*** Block opens ***

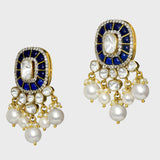 Our exquisite earrings, adorned with dazzling Diamond Polki, Diamond Rounds, and vibrant blue stones, accentuated by delicate pearl hangings. Embrace the fusion of elegance and sophistication (KME2255)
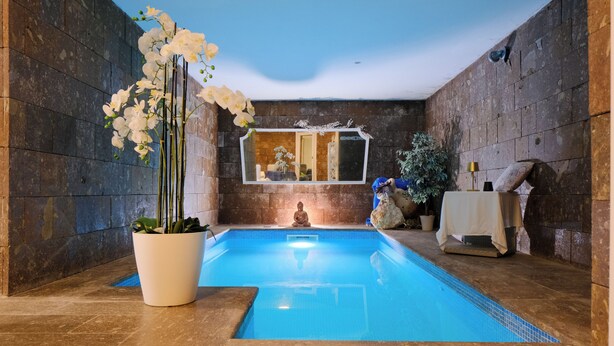 A serene indoor pool area with a clear blue pool, stone walls, and a Buddha statue. - villa di l'abbiu country relax (Sorso)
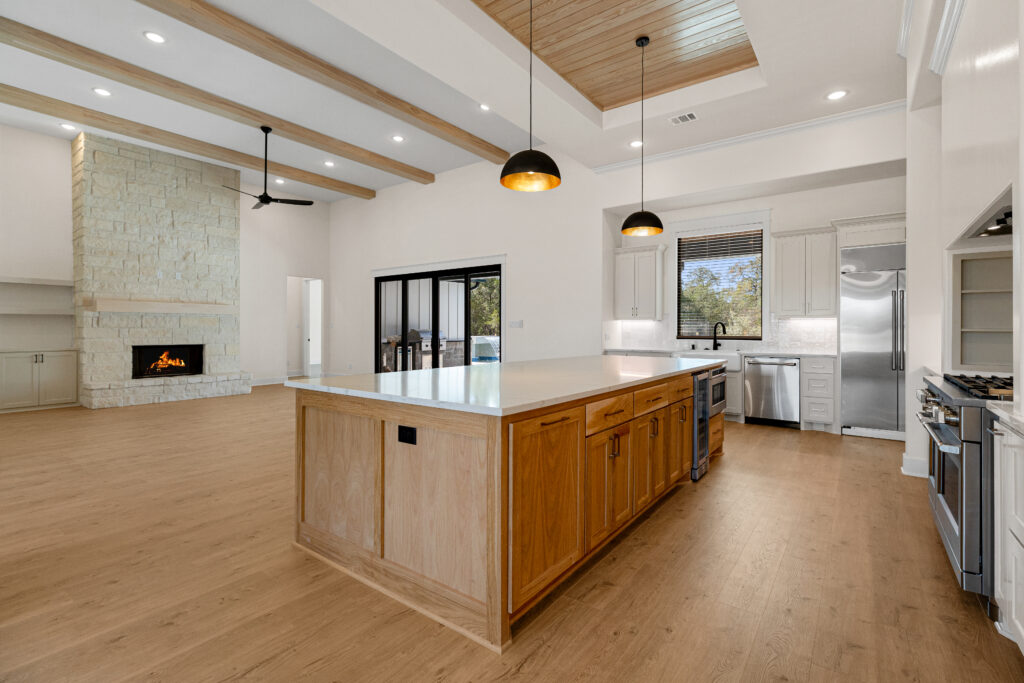 Sleek modern kitchen with durable wood-look vinyl flooring and classic white herringbone subway tile backsplash and cabinets by Degraaf in Grand Rapids, MI.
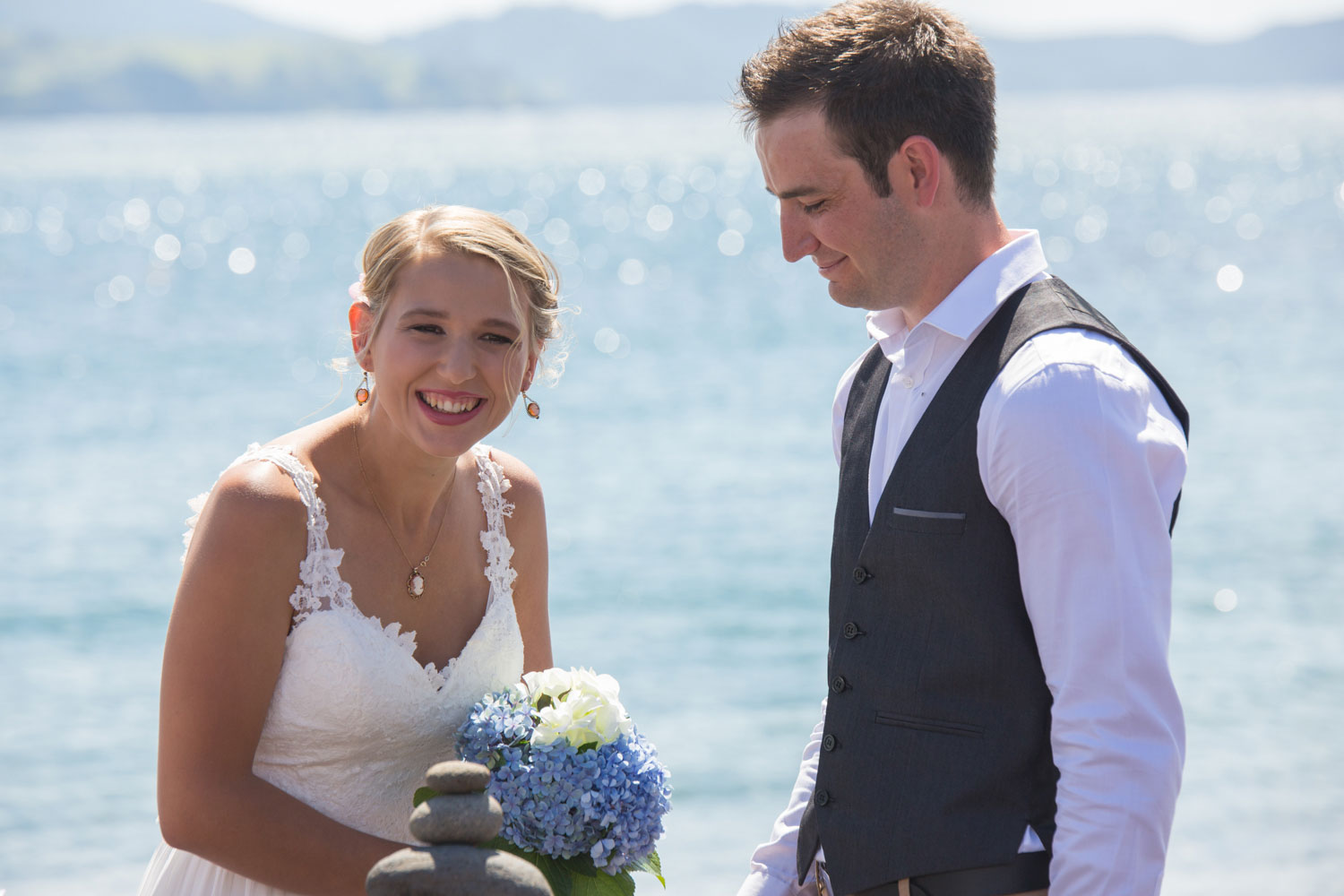 beach wedding photos bride laughing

*** Block closes ***

**Problem details:** Please output the data above exactly as given, omitting every picture.

**Reply to the task:**
 Our exquisite earrings, adorned with dazzling Diamond Polki, Diamond Rounds, and vibrant blue stones, accentuated by delicate pearl hangings. Embrace the fusion of elegance and sophistication (KME2255)
 A serene indoor pool area with a clear blue pool, stone walls, and a Buddha statue. - villa di l'abbiu country relax (Sorso)
 Sleek modern kitchen with durable wood-look vinyl flooring and classic white herringbone subway tile backsplash and cabinets by Degraaf in Grand Rapids, MI.
 beach wedding photos bride laughing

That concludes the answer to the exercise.